Retype the listing below line for line, but only from the line with "Beschreibbare magnettafel küche" down to the line with "Meridian Acupoint Handbook Lite screenshot-3", inclusive. Pictures stay out.

*** Records ***

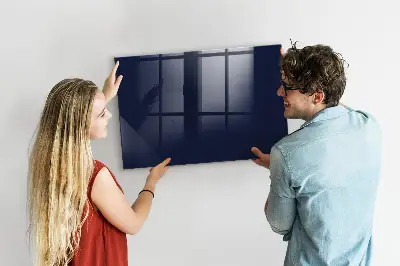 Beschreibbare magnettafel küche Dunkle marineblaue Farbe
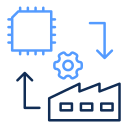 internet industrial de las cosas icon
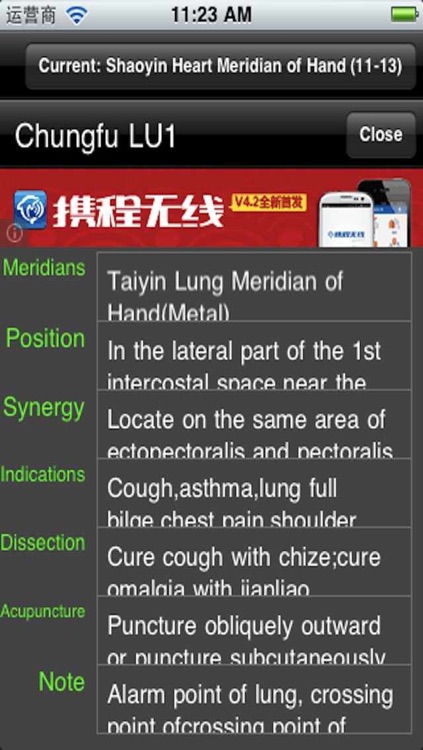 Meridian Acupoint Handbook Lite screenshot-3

*** End of Records ***
*** Records ***

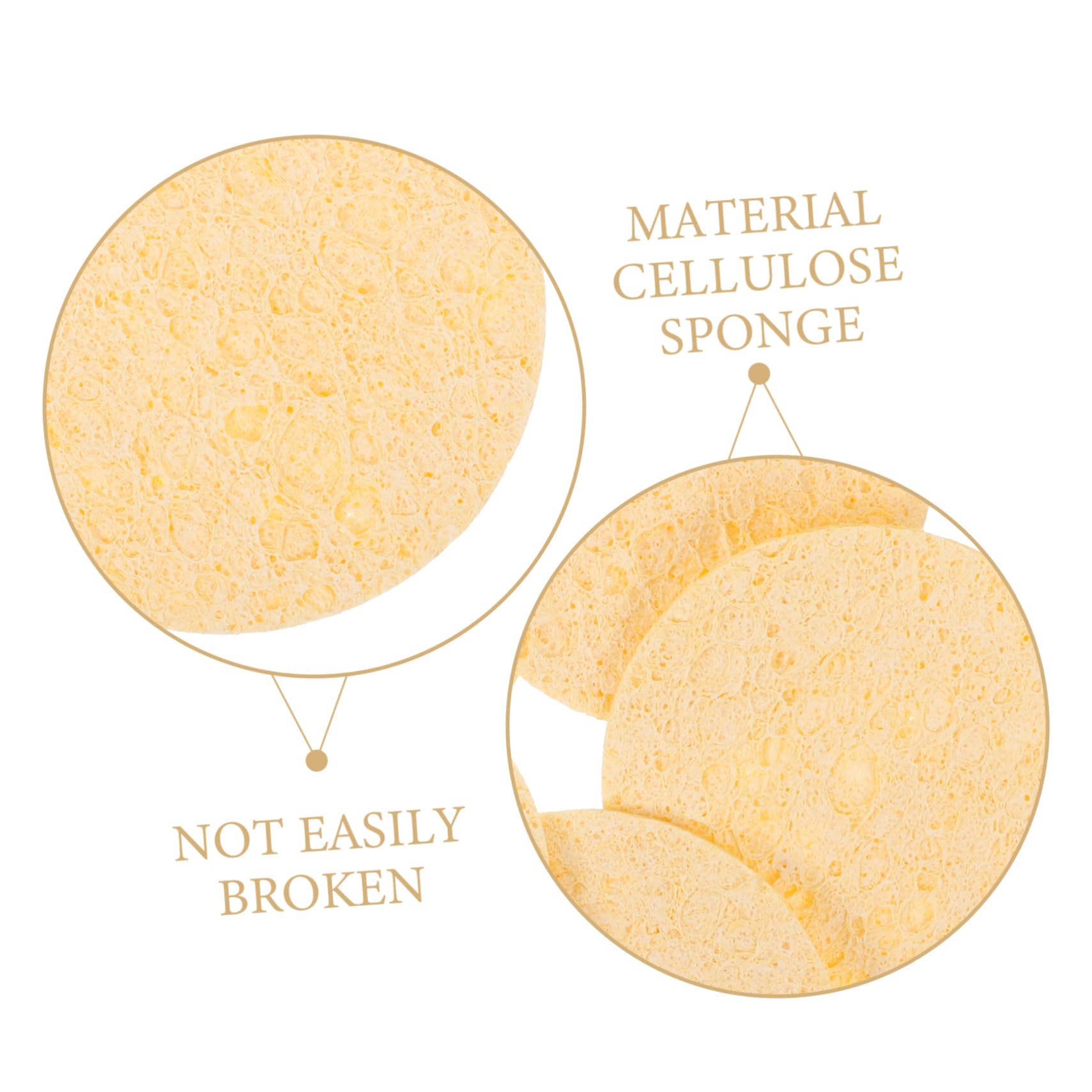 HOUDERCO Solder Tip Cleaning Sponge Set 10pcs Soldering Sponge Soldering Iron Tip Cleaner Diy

*** End of Records ***

### Your response
 Beschreibbare magnettafel küche Dunkle marineblaue Farbe
 internet industrial de las cosas icon
 Meridian Acupoint Handbook Lite screenshot-3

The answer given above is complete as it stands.